• **RECORDS SHOWN**:
□ □ □ □ □ □ □
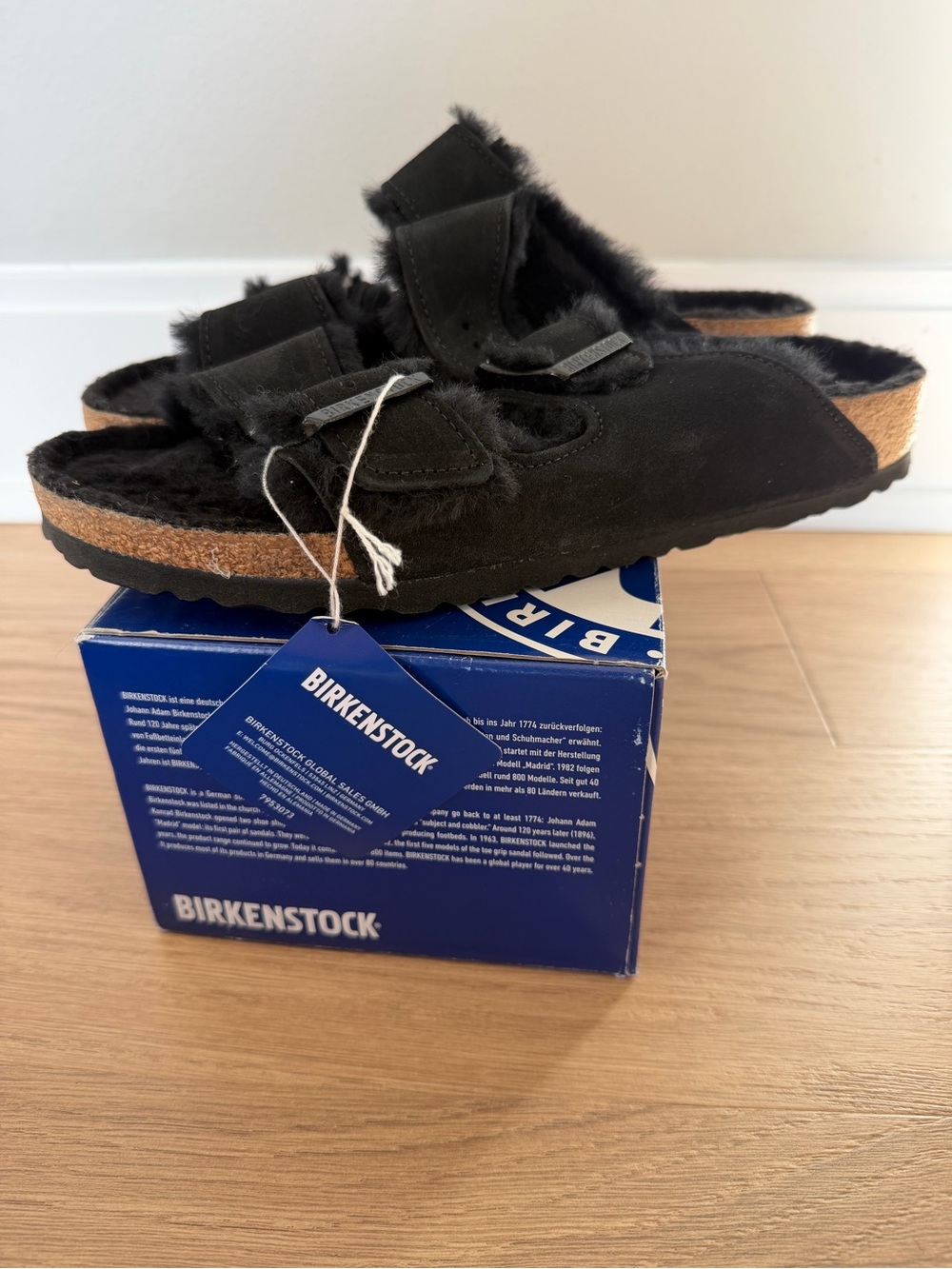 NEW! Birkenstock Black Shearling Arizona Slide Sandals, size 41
□ □ □ □ □ □ □
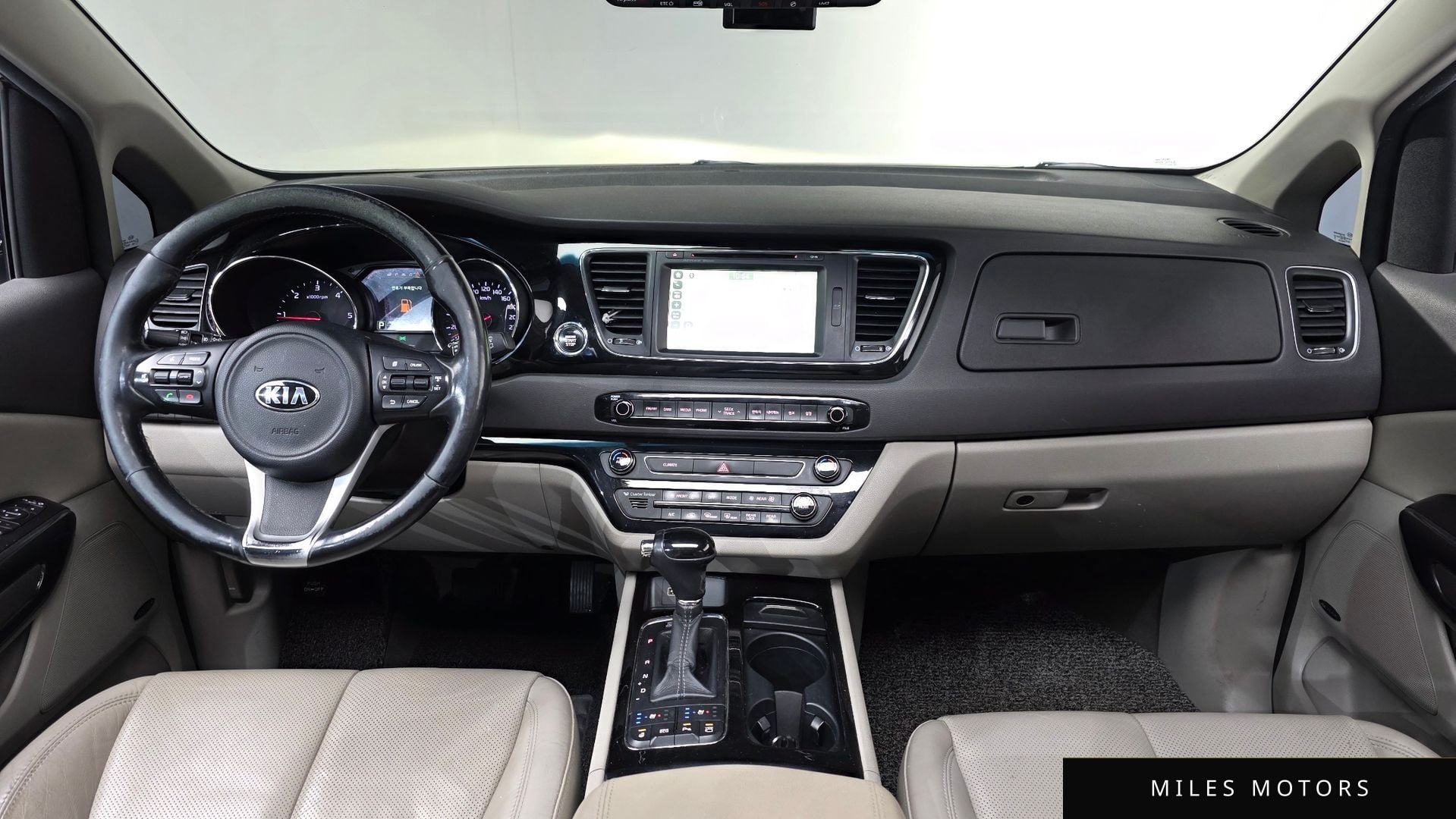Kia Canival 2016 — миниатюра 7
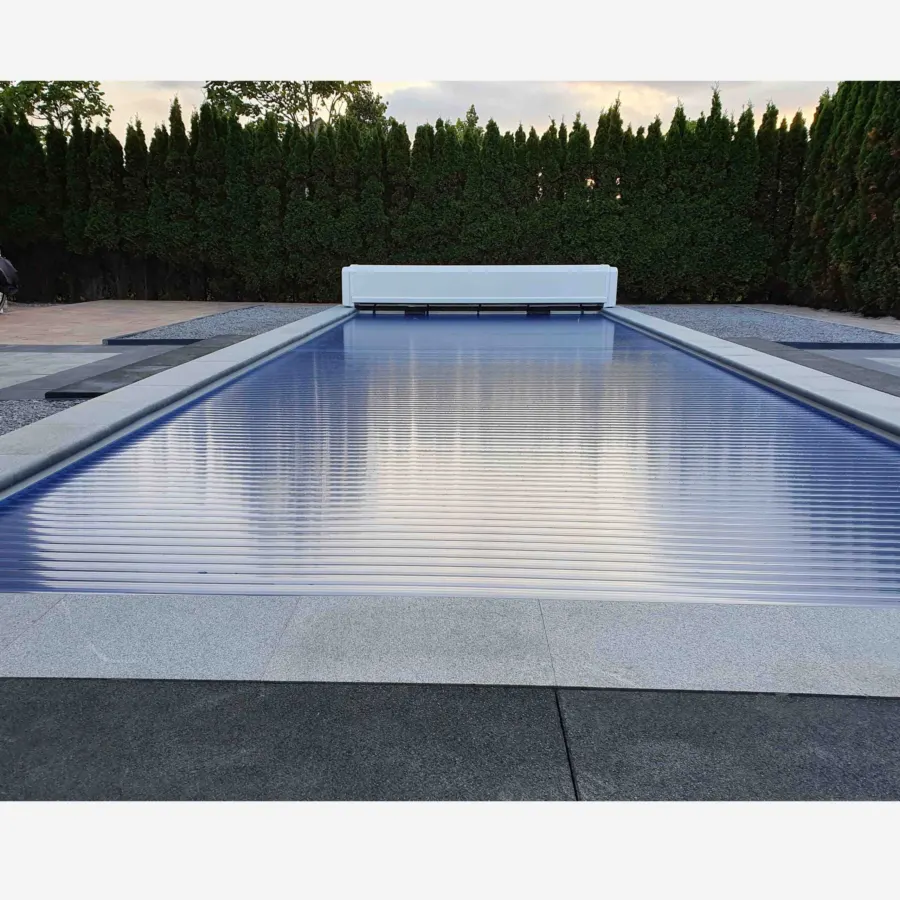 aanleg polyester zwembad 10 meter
□ □ □ □ □ □ □
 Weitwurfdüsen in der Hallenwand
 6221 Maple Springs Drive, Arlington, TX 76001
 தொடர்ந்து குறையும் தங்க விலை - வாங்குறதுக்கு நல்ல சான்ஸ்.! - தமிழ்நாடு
□ □ □ □ □ □ □
• **WHAT YOU HAVE TO DO**: From the listing above, return the lines starting at the one with "Weitwurfdüsen in der Hallenwand" and ending at the one with "தொடர்ந்து குறையும் தங்க", both kept, exactly as they appear and nothing more.

• **ANSWER TO THE PROBLEM**:
 Weitwurfdüsen in der Hallenwand
 6221 Maple Springs Drive, Arlington, TX 76001
 தொடர்ந்து குறையும் தங்க விலை - வாங்குறதுக்கு நல்ல சான்ஸ்.! - தமிழ்நாடு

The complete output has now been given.